Explosions rock Kyiv a week after Russian strikes
KYIV — Kyiv was hit by drone strikes Monday (17) morning, a Ukrainian official said, with two loud explosions echoing through the centre of the city, a continuation of the Russian bombardment of Ukrainian cities that intensified last week.
An hour and a half after the first round of explosions, more were heard shortly after 8:15 a.m., and a number of air defence shots fired back were audible. Thick white smoke was blanketing parts of central Kyiv.
The blasts in Kyiv, the Ukrainian capital, were the most significant since a flurry of strikes Oct. 10. Those attacks were launched after an explosion on a strategic bridge to Crimea, which Russia blamed on Ukraine, and as Ukraine continued to make significant battlefield gains in a counteroffensive in the country’s south.
“The Russians think that this will help them but these actions look more like agony,” Andriy Yermak, a top adviser to Ukraine’s president, said Monday.
The wave of Russian attacks one week ago, which Ukrainian President Volodymyr Zelenskyy said had intentionally targeted civilians and power infrastructure, was one of the broadest in months. Missiles hit cities across the country, killing at least 19 people.
The latest attack on Kyiv came as many people were preparing for work and children were just waking up for their school day, with in-person classes having resumed this autumn. Instead of heading to classrooms, children, some already dressed in their school uniforms, made their way to basement shelters. In the Teatralna metro station in the heart of the city, residents scrolled through their phones looking for updates.
In the still of the morning between the blasts, the humming noise of an engine could be heard passing relatively slowly over the city, a tell-tale sign of a drone.

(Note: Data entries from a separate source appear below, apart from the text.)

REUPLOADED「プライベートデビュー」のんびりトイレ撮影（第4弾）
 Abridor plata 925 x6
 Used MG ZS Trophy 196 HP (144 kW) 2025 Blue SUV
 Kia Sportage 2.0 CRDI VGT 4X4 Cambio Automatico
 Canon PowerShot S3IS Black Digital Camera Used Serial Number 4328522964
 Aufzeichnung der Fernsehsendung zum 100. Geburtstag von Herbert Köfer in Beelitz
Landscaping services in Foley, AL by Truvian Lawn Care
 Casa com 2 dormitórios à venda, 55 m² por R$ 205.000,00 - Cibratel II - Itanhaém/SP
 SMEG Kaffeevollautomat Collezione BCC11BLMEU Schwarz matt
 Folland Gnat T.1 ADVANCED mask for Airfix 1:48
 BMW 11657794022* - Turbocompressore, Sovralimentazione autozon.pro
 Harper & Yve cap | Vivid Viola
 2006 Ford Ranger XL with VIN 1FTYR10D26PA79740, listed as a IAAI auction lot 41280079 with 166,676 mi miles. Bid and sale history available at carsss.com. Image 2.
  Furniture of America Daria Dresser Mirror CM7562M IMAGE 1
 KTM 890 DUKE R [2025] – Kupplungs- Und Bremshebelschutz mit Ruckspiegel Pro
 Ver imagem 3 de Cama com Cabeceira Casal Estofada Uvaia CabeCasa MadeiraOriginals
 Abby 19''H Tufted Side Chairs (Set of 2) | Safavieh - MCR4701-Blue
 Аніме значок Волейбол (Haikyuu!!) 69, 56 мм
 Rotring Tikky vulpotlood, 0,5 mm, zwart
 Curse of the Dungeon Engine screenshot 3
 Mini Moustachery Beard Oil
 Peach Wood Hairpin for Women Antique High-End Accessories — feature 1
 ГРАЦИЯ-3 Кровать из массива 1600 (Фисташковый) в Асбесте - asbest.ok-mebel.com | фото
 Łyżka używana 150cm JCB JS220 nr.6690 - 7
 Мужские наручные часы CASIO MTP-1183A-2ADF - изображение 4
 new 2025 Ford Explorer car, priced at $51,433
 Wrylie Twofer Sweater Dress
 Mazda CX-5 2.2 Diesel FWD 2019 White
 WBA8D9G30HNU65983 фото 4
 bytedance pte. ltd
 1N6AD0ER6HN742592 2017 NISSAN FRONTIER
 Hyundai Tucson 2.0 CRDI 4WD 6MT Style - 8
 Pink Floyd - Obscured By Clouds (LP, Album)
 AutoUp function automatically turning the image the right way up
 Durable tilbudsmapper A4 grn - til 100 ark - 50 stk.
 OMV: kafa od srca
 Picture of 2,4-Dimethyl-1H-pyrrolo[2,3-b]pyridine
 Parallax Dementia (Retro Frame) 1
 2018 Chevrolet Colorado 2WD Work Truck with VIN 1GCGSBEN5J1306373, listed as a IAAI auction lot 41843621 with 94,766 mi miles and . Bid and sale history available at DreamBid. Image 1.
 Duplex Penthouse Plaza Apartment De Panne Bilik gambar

Air raid sirens went off about 10 minutes before the initial attacks.
In streets near the site of one strike, acrid smoke wafted about. The upper stories of an office building were burning, and debris, broken glass and documents littered the pavement nearby. The building appeared to have been empty when it was hit shortly after 6:00 a.m.
“I woke up from an explosion, went downstairs and saw a building on fire,” said Ihor Stupakov, a programmer who lives about a block from the site of one of the explosions. He said he then heard a buzz overhead and looked up.
“I saw a Shahed” fly by, he said, referring to the drone. “I saw soldiers shooting at it, with rifles and a missile, and I saw it blow up in the sky.”
“They want to scare us into negotiations,” he said of the Russians’ motivation for attacking infrastructure and cities. “They want to scare the population.”
The building on fire, he added, “is not a military target.”
One drone buzzed low over office buildings and apartment blocks in the city centre, visible from the streets below. A cacophony of small-arms fire broke out, as soldiers at checkpoints or other positions in the city opened fire with their rifles.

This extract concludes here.